Running with the pack
By Michael Lev Posted Apr 1 2002
Corrrespondents covering the war against terrorism aren’t always under fire in the streets of Afghanistan or making contact with dark characters in dark alleyways in Pakistan. Sometimes the pursuit of the truth isn’t lonely and dangerous. Sometimes it’s crowded and routine.
Can you imagine how deflating it was for me, as a reporter, to arrive in Jalalabad early in the story to find the main hotel already filled by the media?
What happened next was predictable pack journalism: hundreds of nearly identical reports, like the story we all did on the joyous return of music after the Taliban’s fall.
Working in China, as I usually do, puts me away from the pack. I’ve just returned from a two-day trip to the Chinese countryside where I didn’t see another reporter, or any Western face, the entire time. The story was mine. If I did it well, I’ll get the glory. If I failed, no one will notice.
My colleagues covering Donald Rumsfeld, or the Enron scandal, or before that Gary Condit, or before that Elian Gonzalez can only dream of a day away from the competitive frenzy of the pack.
The pack mentality can give journalistic integrity a black eye. The constant repetition of incremental developments, the endless analysis and the omnivorous television-camera stakeouts can distort the significance of a story. The phenomenon of the media circus can overly magnify the stakes in beating the competition and lead to embarrassing errors.
Sheer volume can destroy credibility. One sensitive story on the JonBenet Ramsey case might tell a gripping family drama. Several weighty stories might prompt a more thorough police investigation. But what do 2,000 stories represent, besides a serious misallocation of resources?
Yet the truth is that while the media wolf pack might symbolize all that can be bad about journalism, it is a weapon on par with — if not greater than — the skills of one intrepid investigative reporter.

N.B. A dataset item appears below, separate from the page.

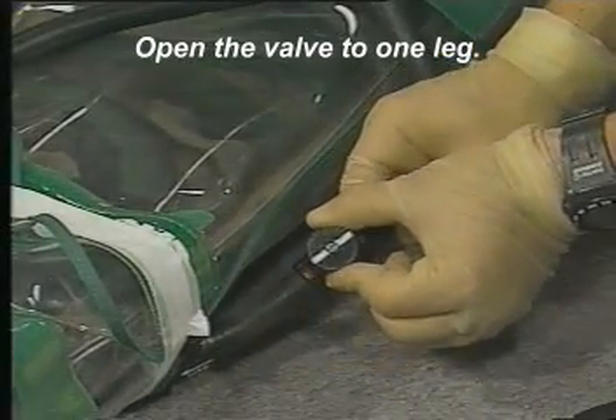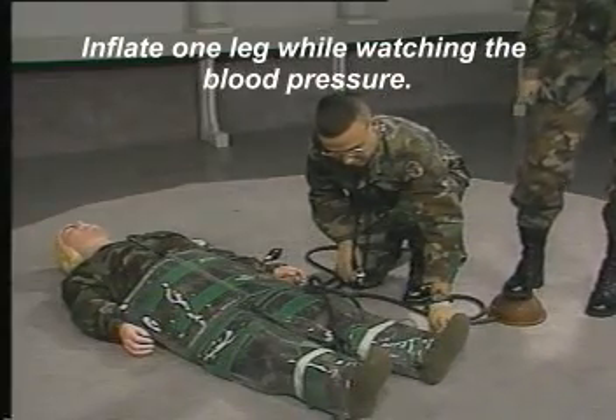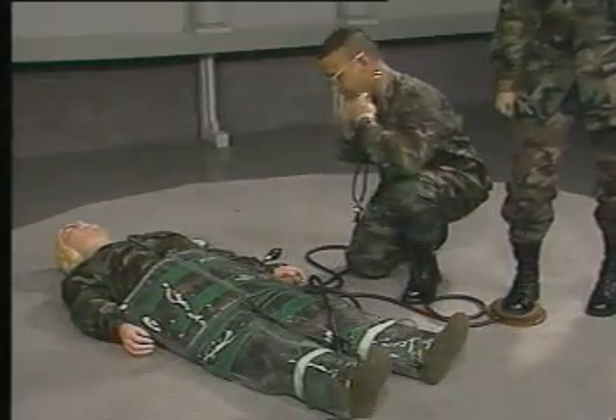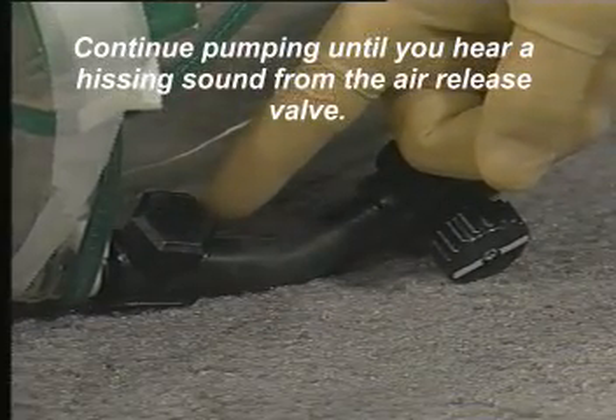Open the valve to one leg and inflate it while watching the blood pressure. Continue pumping until you hear a hissing sound from the air release valve.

It can take talent and bravery to pull off a major scoop, but it takes an economy of scale of the entire media’s focus to raise a story above the din of daily events and make it important enough to demand the nation’s attention. Only then might the government react to a scandal or a corporation acknowledge its wrongdoing.

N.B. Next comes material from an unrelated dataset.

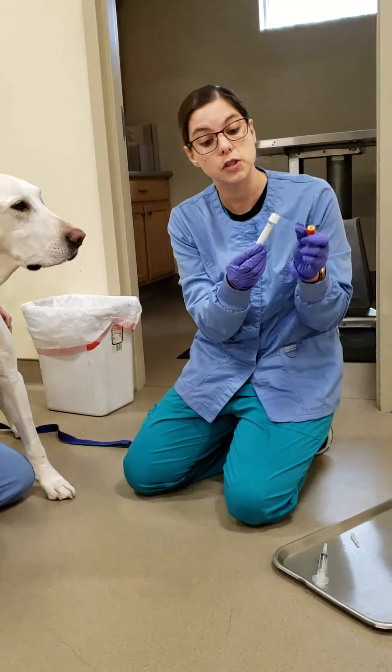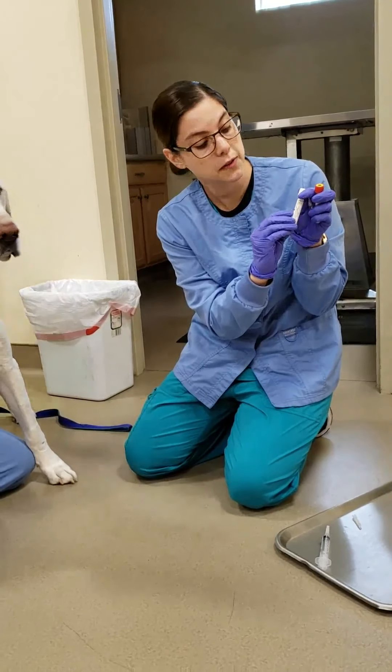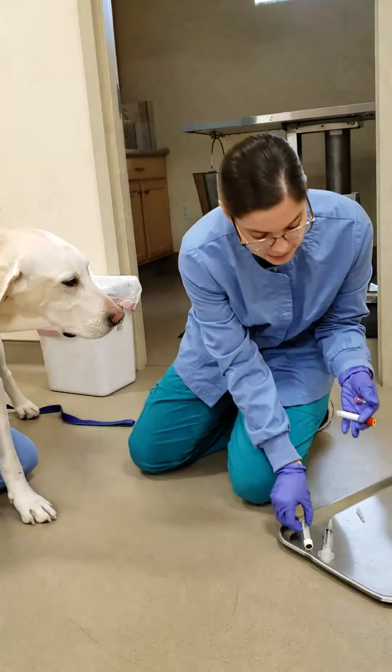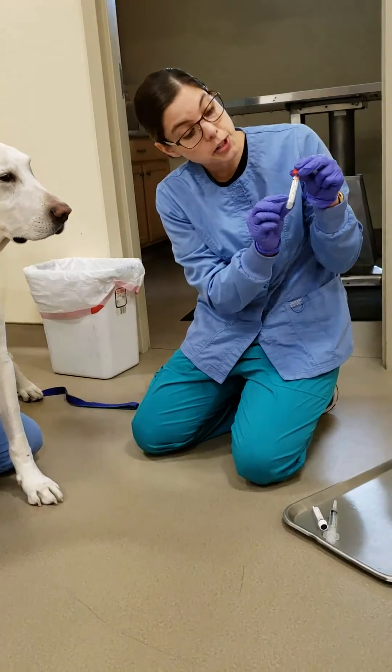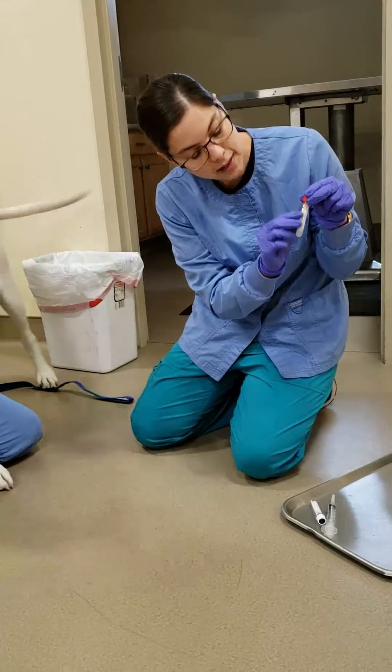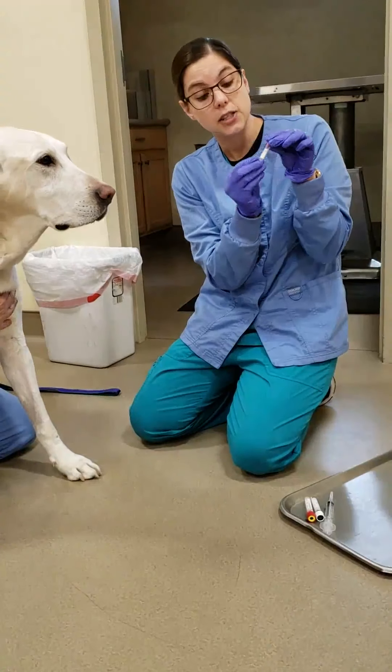We're going to start with our white non-additive tube. It has a little line there that shows you where it should be filled — we want to get to at least 90% of that line. Then we're going to do our red serum separator tube, which also has that line. Then last we would do our purple top EDTA tube, which again has a nice little line.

According to some recent comments by Walter Cronkite, President Nixon might have survived Watergate by intimidating The Washington Post away from the story, but then CBS News jumped in with its own report.
In the Enron affair, Fortune magazine caught the whiff of scandal early on, but when no one immediately followed up, the company escaped further scrutiny for months.
In contrast to group success, editors and reporters dream of those moments when their story will take off and suddenly tell the entire country about the trouble with Firestone tires.
Being part of the pack becomes most unpleasant when the story hits a lull. Even on days when there are no new developments, reporters still have to write space-consuming articles about Elian Gonzalez and hope no one else gets a scoop.
I faced this pressure in Afghanistan as one of 50 reporters sequestered at the Spinghar hotel in Jalalabad. For more than a week, we waited for the fighting to unfold at Tora Bora while unhealthily worrying about what each peer might uncover.
Would someone discover the evidence of an Al Qaeda sarin gas attack? Would their contacts get the Osama bin Laden interview first?
It was nightmarish at breakfast. Each morning, one group of eight or 10 talented reporters from big news organizations came together to sip coffee and lay plans for the day’s reporting.
For those not in the alpha clique, it was nerve-wracking. It took every ounce of bravery to go your own way and not fret about what they were up to.
In the evening, after the competitive pressure had built to a boiling point, an alpha and one of the outsiders might meet casually in the lobby.
“What’d you get today?” the outcast might ask.
“Oh, just a feature,” would come the vague response.
In the end, we all got the story that mattered, and we all helped each other through treacherous days of reporting on the invasion of Tora Bora by Afghan militias and American warplanes.
We shared quotations from commanders and shared our feelings about whether it would be too dangerous to inch toward the front.
Many of us were together the day we got to see one of bin Laden’s caves, and that was a great day to be in the pack.